Aim of the exercise:
The following data has a line with "Sisteme Fotovoltaice - Sistem" and a line with "ChemSpider 2D Image". Write out exactly those lines and all the lines between them.
++++++++
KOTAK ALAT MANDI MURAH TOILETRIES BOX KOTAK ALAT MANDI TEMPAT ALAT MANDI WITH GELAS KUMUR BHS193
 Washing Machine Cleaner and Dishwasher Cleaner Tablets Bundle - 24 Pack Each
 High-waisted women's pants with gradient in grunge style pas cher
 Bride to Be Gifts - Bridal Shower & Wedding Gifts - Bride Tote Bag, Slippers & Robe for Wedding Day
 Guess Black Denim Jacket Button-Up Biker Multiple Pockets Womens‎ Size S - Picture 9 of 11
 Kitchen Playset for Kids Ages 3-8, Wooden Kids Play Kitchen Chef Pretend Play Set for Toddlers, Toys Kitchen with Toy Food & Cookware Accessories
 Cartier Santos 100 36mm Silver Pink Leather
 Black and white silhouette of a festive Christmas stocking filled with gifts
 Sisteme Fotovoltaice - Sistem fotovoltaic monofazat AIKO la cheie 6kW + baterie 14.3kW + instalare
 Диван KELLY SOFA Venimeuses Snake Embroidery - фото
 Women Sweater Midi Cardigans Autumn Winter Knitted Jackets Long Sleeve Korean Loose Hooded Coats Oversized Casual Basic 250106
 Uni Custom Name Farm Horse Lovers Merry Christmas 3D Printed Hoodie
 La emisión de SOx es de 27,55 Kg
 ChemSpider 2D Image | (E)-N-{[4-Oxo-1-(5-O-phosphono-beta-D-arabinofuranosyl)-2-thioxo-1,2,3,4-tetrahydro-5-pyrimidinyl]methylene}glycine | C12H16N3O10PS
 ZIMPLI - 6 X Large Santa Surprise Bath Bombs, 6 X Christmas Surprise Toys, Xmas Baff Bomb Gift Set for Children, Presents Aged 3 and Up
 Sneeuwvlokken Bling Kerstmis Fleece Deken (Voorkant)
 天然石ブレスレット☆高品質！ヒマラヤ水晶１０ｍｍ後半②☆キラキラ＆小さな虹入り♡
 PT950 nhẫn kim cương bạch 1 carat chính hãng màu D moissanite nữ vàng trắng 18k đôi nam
++++++++
Exercise output:
 Sisteme Fotovoltaice - Sistem fotovoltaic monofazat AIKO la cheie 6kW + baterie 14.3kW + instalare
 Диван KELLY SOFA Venimeuses Snake Embroidery - фото
 Women Sweater Midi Cardigans Autumn Winter Knitted Jackets Long Sleeve Korean Loose Hooded Coats Oversized Casual Basic 250106
 Uni Custom Name Farm Horse Lovers Merry Christmas 3D Printed Hoodie
 La emisión de SOx es de 27,55 Kg
 ChemSpider 2D Image | (E)-N-{[4-Oxo-1-(5-O-phosphono-beta-D-arabinofuranosyl)-2-thioxo-1,2,3,4-tetrahydro-5-pyrimidinyl]methylene}glycine | C12H16N3O10PS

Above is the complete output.